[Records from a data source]

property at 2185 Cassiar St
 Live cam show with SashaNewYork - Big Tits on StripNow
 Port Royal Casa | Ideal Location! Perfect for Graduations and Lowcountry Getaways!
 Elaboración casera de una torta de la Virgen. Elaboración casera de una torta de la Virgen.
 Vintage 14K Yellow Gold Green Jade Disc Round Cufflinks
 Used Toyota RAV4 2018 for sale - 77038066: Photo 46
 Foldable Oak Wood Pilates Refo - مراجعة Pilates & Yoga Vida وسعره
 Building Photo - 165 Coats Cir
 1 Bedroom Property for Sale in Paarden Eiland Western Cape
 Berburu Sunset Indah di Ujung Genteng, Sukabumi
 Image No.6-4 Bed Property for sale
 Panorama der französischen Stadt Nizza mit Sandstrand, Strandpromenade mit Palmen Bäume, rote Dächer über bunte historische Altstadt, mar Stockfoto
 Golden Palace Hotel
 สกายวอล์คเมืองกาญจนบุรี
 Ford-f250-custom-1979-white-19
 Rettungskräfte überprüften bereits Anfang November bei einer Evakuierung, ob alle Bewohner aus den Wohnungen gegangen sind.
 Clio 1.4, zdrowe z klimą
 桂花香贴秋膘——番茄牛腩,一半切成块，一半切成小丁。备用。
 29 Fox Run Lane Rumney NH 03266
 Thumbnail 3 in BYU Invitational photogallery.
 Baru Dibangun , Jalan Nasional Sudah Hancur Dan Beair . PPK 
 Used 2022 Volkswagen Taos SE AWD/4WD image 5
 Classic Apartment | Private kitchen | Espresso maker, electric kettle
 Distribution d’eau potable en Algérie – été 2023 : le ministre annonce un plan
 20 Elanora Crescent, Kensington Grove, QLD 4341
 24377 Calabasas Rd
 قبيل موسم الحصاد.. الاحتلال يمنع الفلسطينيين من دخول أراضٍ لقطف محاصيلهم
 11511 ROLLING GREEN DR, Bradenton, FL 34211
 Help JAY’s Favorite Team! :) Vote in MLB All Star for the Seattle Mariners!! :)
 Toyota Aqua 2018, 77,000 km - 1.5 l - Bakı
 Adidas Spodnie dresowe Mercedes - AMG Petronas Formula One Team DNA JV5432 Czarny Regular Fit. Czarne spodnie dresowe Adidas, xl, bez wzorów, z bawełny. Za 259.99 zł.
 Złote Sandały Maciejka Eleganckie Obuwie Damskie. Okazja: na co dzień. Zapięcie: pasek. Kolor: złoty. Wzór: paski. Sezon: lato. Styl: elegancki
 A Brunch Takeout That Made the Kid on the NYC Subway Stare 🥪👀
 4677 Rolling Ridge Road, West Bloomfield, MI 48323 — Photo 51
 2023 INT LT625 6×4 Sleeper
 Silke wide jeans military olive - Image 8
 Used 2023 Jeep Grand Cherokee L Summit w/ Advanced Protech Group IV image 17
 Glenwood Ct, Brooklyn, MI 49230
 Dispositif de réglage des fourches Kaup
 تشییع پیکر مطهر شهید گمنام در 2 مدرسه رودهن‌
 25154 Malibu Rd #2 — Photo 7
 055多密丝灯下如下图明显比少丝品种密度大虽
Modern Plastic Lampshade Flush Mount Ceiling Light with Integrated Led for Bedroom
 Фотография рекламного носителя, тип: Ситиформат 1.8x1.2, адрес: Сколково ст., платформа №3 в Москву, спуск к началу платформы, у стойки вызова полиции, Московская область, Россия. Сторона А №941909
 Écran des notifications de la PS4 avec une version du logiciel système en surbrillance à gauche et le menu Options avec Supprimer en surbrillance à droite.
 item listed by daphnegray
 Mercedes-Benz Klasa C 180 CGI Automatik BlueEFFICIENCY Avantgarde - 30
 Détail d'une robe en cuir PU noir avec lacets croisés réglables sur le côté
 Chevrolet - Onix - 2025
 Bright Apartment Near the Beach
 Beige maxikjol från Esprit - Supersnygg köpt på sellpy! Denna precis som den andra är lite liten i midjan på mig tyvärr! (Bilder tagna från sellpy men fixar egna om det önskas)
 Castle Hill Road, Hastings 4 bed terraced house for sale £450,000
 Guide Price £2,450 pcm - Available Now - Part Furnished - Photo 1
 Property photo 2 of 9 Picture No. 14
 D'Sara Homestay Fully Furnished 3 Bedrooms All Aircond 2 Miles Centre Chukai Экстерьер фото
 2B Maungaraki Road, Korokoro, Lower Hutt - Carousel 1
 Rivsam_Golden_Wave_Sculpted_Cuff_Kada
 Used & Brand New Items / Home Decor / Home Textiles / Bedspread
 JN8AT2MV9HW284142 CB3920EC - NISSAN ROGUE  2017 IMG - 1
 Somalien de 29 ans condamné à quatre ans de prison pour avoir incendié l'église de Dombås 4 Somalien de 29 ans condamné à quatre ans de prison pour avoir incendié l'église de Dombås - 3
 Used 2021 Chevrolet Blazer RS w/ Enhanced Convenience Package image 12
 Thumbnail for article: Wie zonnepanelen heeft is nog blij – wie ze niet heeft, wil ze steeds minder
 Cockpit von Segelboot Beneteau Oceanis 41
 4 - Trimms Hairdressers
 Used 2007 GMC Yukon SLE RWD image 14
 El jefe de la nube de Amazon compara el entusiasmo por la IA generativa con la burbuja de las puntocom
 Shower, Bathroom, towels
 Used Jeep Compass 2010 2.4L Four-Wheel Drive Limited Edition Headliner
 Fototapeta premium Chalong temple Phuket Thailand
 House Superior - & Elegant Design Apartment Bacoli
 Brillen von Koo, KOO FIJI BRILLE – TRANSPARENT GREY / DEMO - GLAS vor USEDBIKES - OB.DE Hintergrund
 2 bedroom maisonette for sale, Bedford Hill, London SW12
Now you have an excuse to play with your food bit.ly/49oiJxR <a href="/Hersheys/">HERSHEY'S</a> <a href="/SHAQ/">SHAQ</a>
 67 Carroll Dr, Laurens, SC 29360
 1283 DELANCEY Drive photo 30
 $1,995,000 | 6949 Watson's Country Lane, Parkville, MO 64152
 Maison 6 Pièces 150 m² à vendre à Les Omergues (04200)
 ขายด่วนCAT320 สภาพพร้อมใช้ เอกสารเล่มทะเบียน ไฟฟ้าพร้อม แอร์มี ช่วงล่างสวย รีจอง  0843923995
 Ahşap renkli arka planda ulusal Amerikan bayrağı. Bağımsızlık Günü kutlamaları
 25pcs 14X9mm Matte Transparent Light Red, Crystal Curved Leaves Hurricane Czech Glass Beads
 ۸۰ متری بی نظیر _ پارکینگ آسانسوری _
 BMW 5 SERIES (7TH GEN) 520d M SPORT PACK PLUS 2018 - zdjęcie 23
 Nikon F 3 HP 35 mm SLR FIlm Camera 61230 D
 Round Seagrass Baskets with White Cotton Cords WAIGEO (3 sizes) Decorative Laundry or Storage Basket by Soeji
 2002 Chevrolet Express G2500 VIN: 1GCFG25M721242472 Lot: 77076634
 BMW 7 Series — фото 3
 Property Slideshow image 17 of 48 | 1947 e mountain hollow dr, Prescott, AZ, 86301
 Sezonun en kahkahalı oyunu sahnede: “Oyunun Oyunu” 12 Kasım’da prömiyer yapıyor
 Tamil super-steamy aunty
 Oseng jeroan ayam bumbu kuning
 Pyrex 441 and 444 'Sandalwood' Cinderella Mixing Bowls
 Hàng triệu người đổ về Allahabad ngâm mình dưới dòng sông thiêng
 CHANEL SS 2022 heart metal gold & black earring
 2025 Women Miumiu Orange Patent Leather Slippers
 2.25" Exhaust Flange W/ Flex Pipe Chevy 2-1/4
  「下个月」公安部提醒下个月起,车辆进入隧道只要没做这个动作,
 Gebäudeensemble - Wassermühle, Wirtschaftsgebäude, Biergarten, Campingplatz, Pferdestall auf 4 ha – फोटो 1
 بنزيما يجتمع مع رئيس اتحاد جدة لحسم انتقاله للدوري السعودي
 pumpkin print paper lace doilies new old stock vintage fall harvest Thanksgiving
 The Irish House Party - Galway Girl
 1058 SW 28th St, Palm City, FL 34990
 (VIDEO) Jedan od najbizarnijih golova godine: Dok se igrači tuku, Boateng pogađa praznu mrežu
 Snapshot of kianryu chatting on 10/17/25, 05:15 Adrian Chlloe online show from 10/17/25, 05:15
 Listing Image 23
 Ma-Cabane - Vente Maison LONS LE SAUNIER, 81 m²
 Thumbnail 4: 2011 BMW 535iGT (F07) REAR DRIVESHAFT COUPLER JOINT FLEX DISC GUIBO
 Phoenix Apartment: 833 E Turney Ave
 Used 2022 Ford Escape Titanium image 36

→ Work request:
With "Jeep" as the string to match, show every line of the entries above that has it.

→ Task solution:
 Used 2023 Jeep Grand Cherokee L Summit w/ Advanced Protech Group IV image 17
 Used Jeep Compass 2010 2.4L Four-Wheel Drive Limited Edition Headliner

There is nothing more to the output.